System Design: Distributed Cron Job Scheduler
Context
You are designing a multi-tenant, internet-scale cron job scheduler that triggers tasks according to cron expressions across different time zones. The system must support millions of scheduled jobs, be highly available, and ensure reliable dispatch and execution across a fleet of workers.
Functional Requirements
-
Cron expressions
-
Support standard cron syntax and IANA time zones, including daylight saving time (DST) correctness.
-
Execution semantics
-
Exactly-once or at-least-once delivery semantics (explain trade-offs).
-
Idempotency and deduplication across retries and failovers.
-
Misfire handling and catch-up policies (e.g., skip, fire-latest, fire-all, bounded catch-up).
-
Retries with backoff and jitter.
-
Pause/resume jobs; optional start/end time windows.
-
Job dependencies (e.g., run B after A completes; DAG support is a plus).
-
Worker lifecycle
-
Worker registration, capability discovery, and heartbeats.
-
Safe re-assignment on worker failure.
-
Multi-tenancy
-
Tenant isolation, quotas, priorities, and fair sharing.
-
Security and governance
-
Authentication and authorization (RBAC or ABAC).
-
Auditing of API changes and executions.
-
Observability
-
Metrics, logs, traces, and alerting for SLOs and failure detection.

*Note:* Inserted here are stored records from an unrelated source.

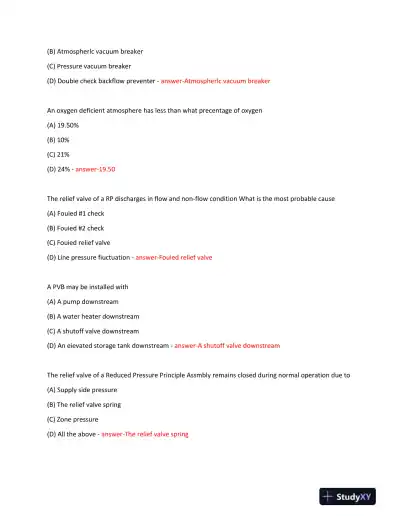 Backflow Prevention Practice Exam With Answers (100 Solved Questions) - Page 6 preview image
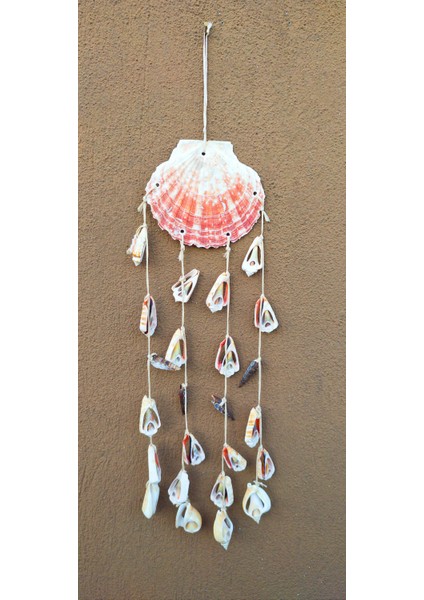 Büyük Boy Yelpaze Deniz Kabuklu Duvar Bahçe Balkon Süsü Rüzgar Çanı Ev Dekor Hediyelik Eşya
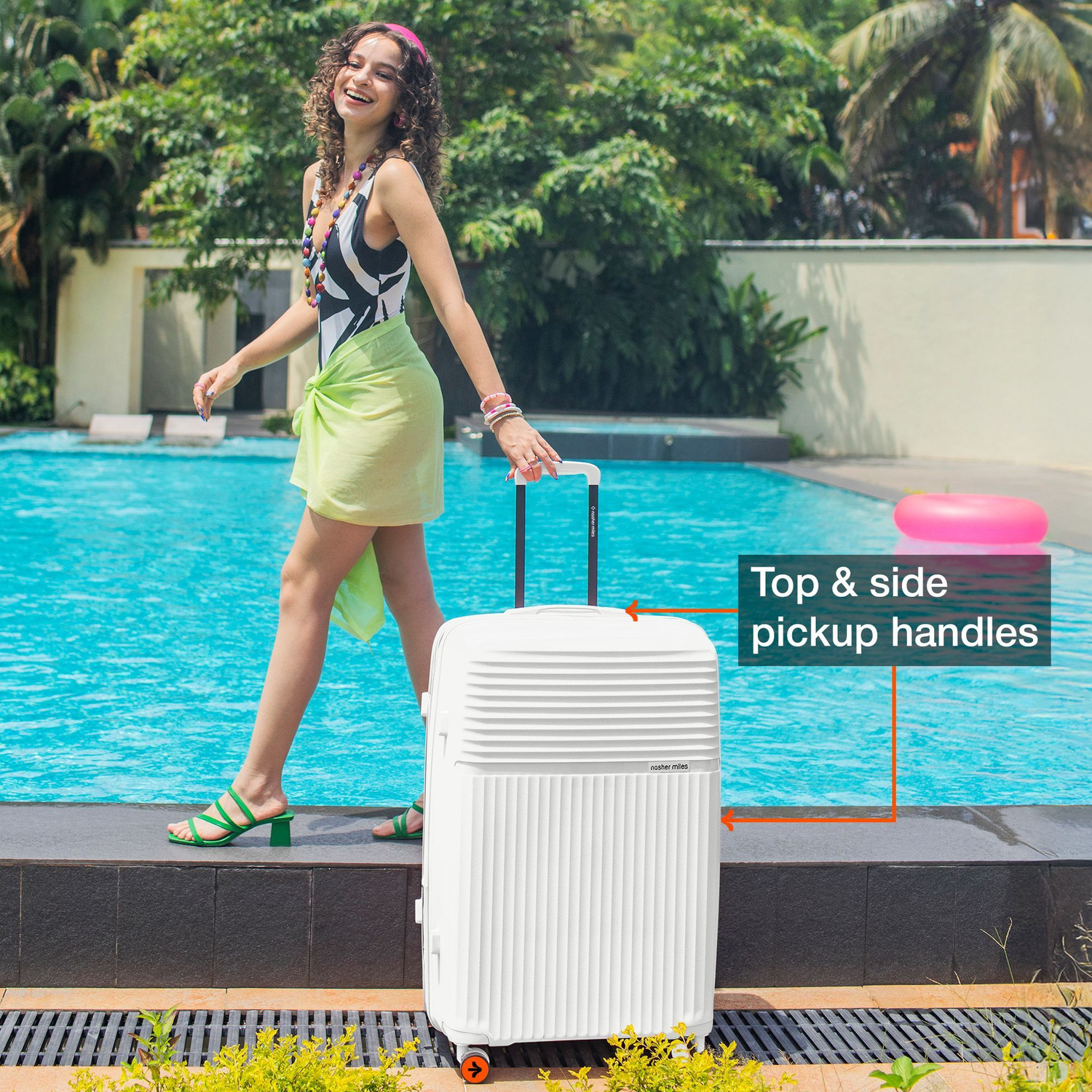 Image of NASHER MILES Krabi Expander Hardside Polypropylene Check-in White 75cm Trolley Bag Expandable Check-in Suitcase 8 Wheels - 28 inch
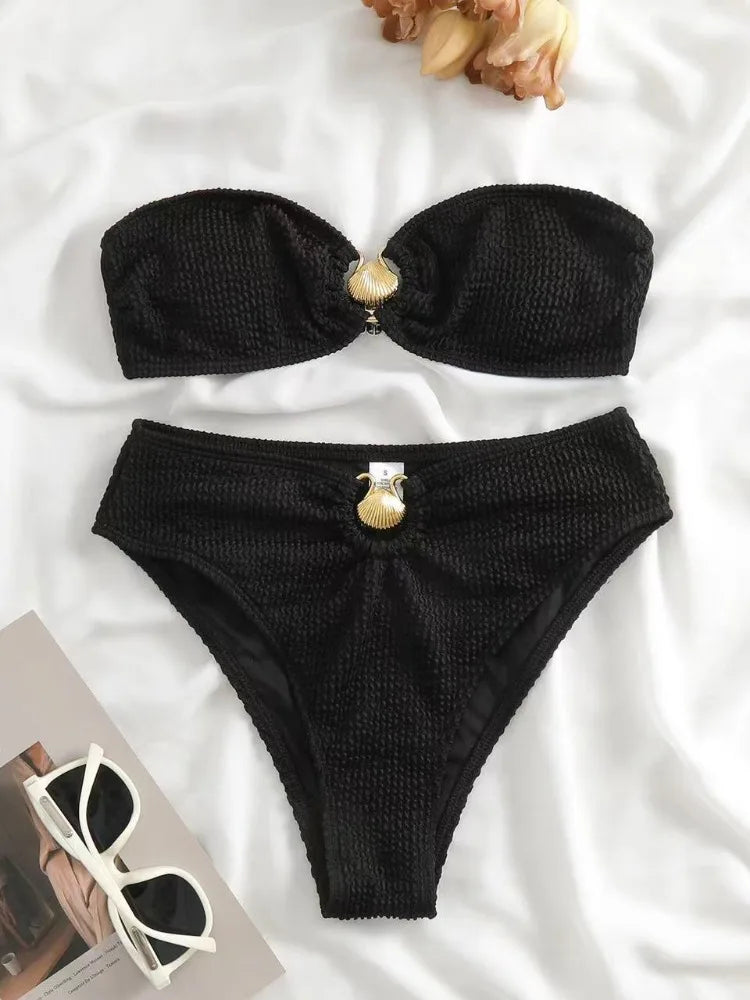 Sexy One Shoulder Shell Bikini High Waist Swimwear 2023 Textured Swimsuit Women Bathing Suits Metal Ring Two-piece Bikinis Set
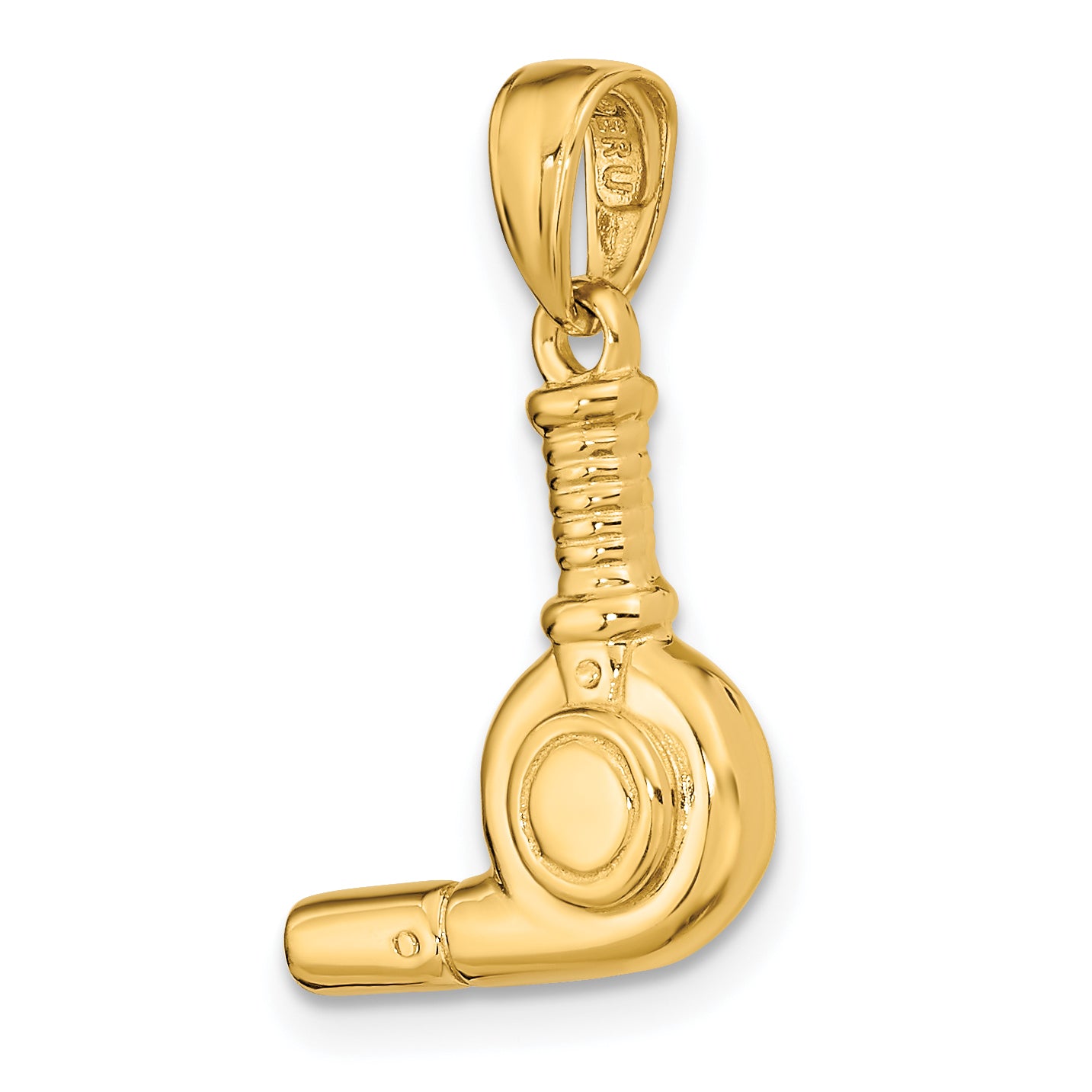 14K Gold 3D Blow Dryer Pendant with Polished Finish for Stylish Charm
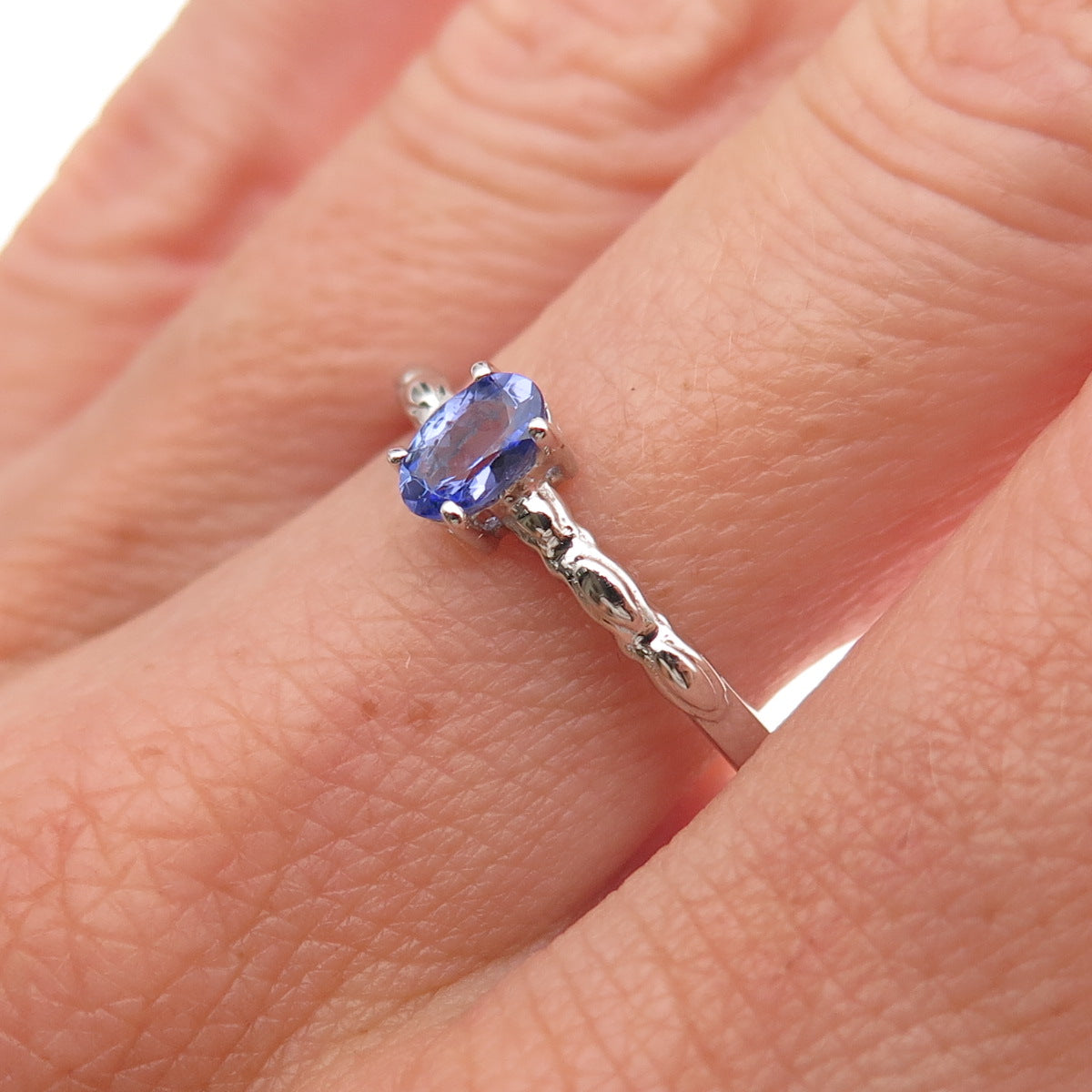 Chuck Clemency 925 Sterling Silver Real Oval-Cut Tanzanite Ring Size 8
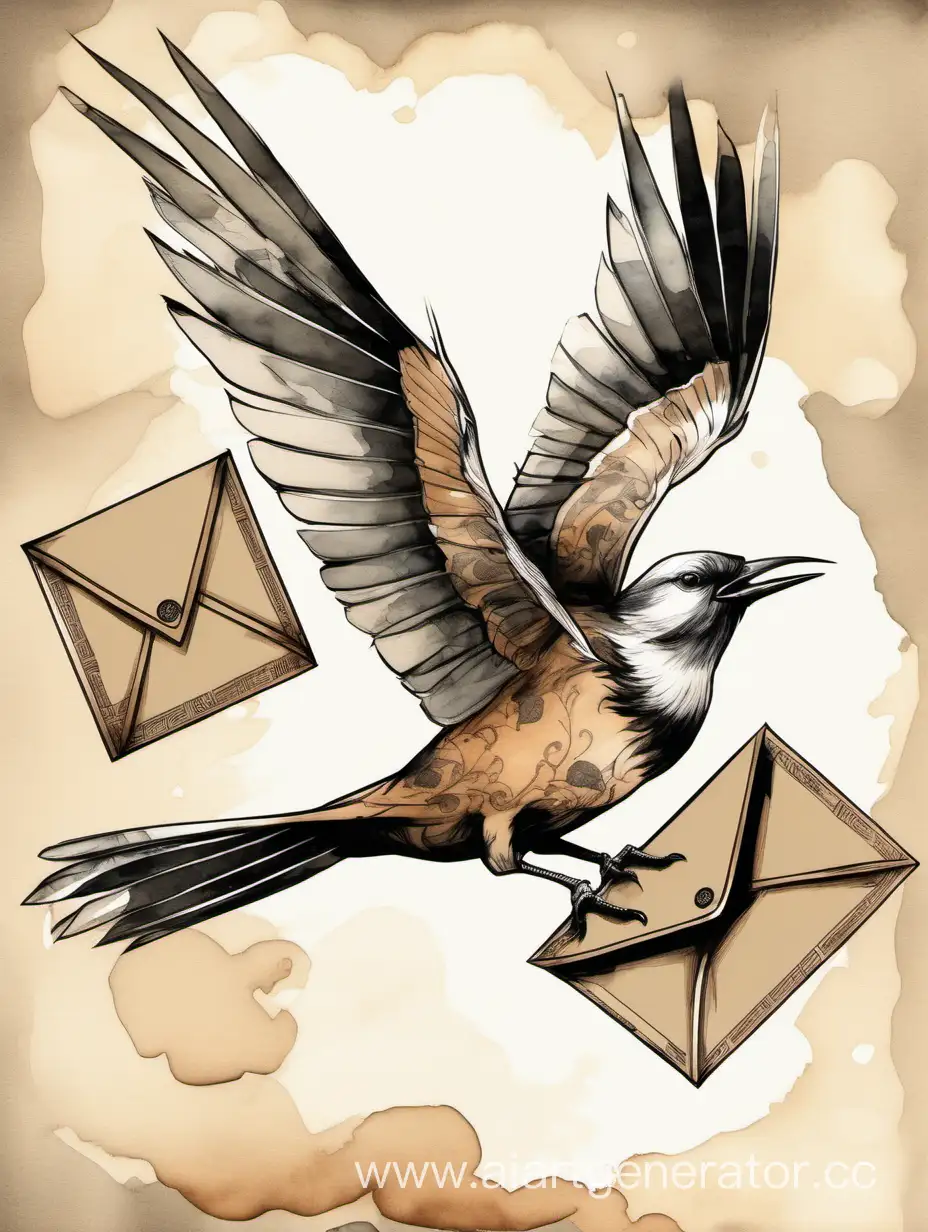 Птица летит и держит конверт в клюве, китайский стиль, рисунок тушью и акварелью, черно-белая графика с элементами коричневого цвета
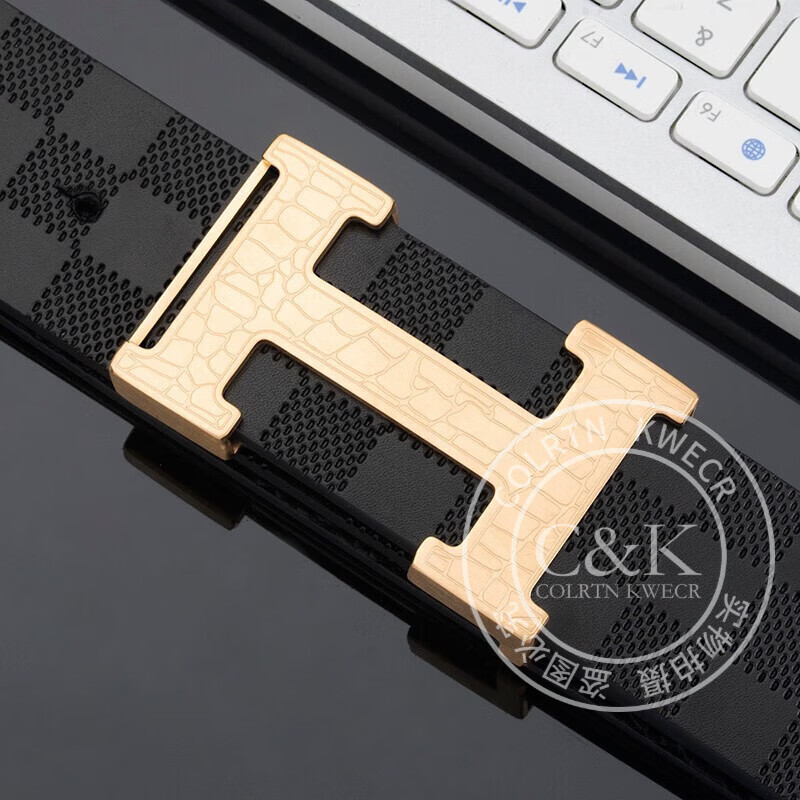 Colrtn Kwecr奢侈新品男款皮带中青年高档商务正装休闲裤腰带男生日礼物奢侈品 CK银扣咖色带3.8CM【礼盒装】 120cm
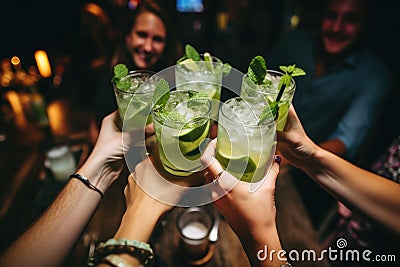 Female friends clinking glasses with mojito and lime at bar counter, Happy friends group cheering mojito drinks at cocktail bar Stock Photo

Non-Functional Requirements
-
High availability with leader election and failover (no single point of failure).
-
Horizontal scalability to millions of jobs and tens of thousands of triggers per second.
-
Low and predictable scheduling latency (e.g., p99 < a few seconds) and bounded scheduler lag.
-
Strong durability for job metadata and execution records.
What to Deliver
Describe the following:
-
Architecture and components (metadata store, scheduler shards, dispatcher, workers, timing wheels or hierarchical timers, message bus, coordination service).
-
Data models (jobs, schedules, executions, attempts, dependencies, workers, tenants, quotas, audit logs).
-
Scheduling and dispatch algorithms (cron parsing, time zone/DST handling, timer data structures, sharding strategy).
-
Consistency choices and delivery semantics (exactly-once vs at-least-once, idempotency, dedup).
-
Failure modes and mitigations (clock skew, network partition, leader/scheduler/worker crashes).
-
Capacity planning (orders of magnitude, partitioning, indexes, throughput estimates).
-
Testing strategies (unit, property, integration, chaos, time-travel, scale testing).